At the minute im collectin a normal sized necron force around 1500-2000 pts worth, but theres this tactic that im thinking of trying out but im not sure if it works that well.

Basically it goes:

-12 Necron warriors
-12 Necron warriors
-12 Necron warriors
-Necron lord with orb of resurrection
-6 to 8 Immortals

Now this is in a well structured formation kind of like a box with the lord at the front, Immortals behind him, the warriors get a brilliant firing line, a scary prescence to the opposing player, benefits from the orb and they are all so close they all get good we'll be back rolls.

The only thing im worried about is tank shocking them, and other attacks like orbital bombardment and artillery barrage etc.

If any Necron or other experienced players could help please do so it will be much appreciated, (especially by Thursday the 18th February)

Thanks :good:


----------



## Arkanor (Jan 1, 2010)

The Warhound said:


> The only thing im worried about is tank shocking them, and other attacks like orbital bombardment and artillery barrage etc.

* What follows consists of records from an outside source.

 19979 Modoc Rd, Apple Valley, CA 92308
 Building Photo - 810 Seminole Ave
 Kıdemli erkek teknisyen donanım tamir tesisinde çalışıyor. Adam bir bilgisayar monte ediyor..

AFAIK Necrons are all Fearless, tank shock isn't an issue. With your res orb you'll still get WBB's from big nasty artillery too.


----------



## SHarrington (Jan 7, 2010)

In the fluff, Necrons are fearless, but by no means do they have USR Fearless.


----------



## The Warhound (Feb 13, 2010)

thats good so thats another positive reason for the tactic i think ill use it on thursday ill check everything up when i eventually get the codex, thanks guys!


----------



## Sororitas (Feb 16, 2010)

the only problem with that is when a artillary barrage is aimed at your lord


----------



## MyI)arkness (Jun 8, 2008)

What about the big meele things charging you? Or big cannons shooting you all over map :S


----------



## OddJob (Nov 1, 2007)

With the res ord and proper spacing taking incoming fire is rarely going to be an issue (watch out for IG though).

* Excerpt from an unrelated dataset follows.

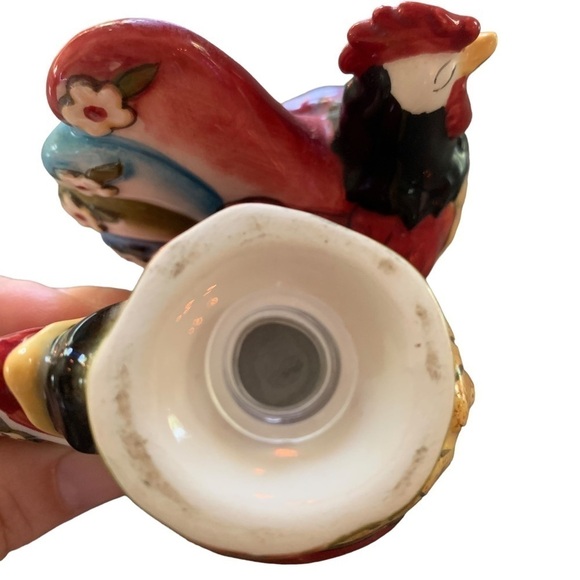 Blue Sky Heather Goldminc Rooster Salt and Pepper Shaker Set - Picture 6 of 7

What you should really be worried about is being dominated in one round of melee, failing your morale check then being run down (no WBB after being run down). Any competent cc unit will give you fits. To better illustrate what I'm talking about:

Trygon charges one of your warrior units-
7 x 8/9 x 5/6 = 280/54 ~5.5 butchered warriors.

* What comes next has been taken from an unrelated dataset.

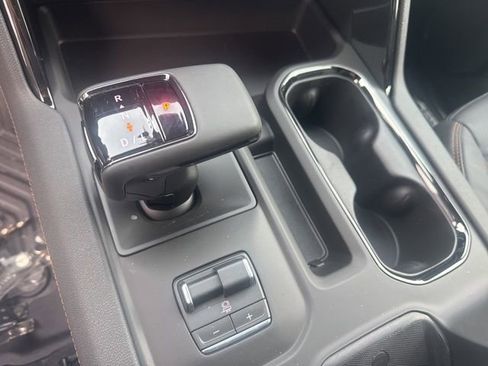 New 2026 GMC Sierra 1500 AT4 w/ AT4 Premium Package AWD/4WD image 27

In reture you do naff all and are now testing on Ld 4-5.

A big block of bods like you suggest will make you very vulnerable to such a tactic.


----------



## Lucio (Aug 10, 2009)

All the templates from Guard and the Mawlocs burying all over the place and the "death by movement" Nid lists will likely give you some trouble.


----------



## swiftnomore (Feb 15, 2010)

The Warhound said:


> thats good so thats another positive reason for the tactic i think ill use it on thursday ill check everything up when i eventually get the codex, thanks guys!


lmao it did'nt do you much use on thursday, i wiped the battlefield with your necrons :so_happy: FOR THE HONOUR OF CADIA KICK NECRON ASS!!!


----------



## swiftnomore (Feb 15, 2010)

Sororitas said:


> the only problem with that is when a artillary barrage is aimed at your lord


you speak the truth, why just the other day i took my opponants monolith out with the artillery barrage (thank you master of the ordnance) :grin:


----------



## Serpion5 (Mar 19, 2010)

Two monoliths. Simple as that. Your only successful alternative to that kind of firepower is destroyers and lots of them. Three S6 shots apiece. Only AP4, but even terminators can be wiped clean with enough shots. Your list, dominated by warriors, lacks any real punch. Trust me, I`ve been playing with bots for six years, the strength of the army is in firepower, and your list is woefully inadequate. Guns. Not blades, guns.


----------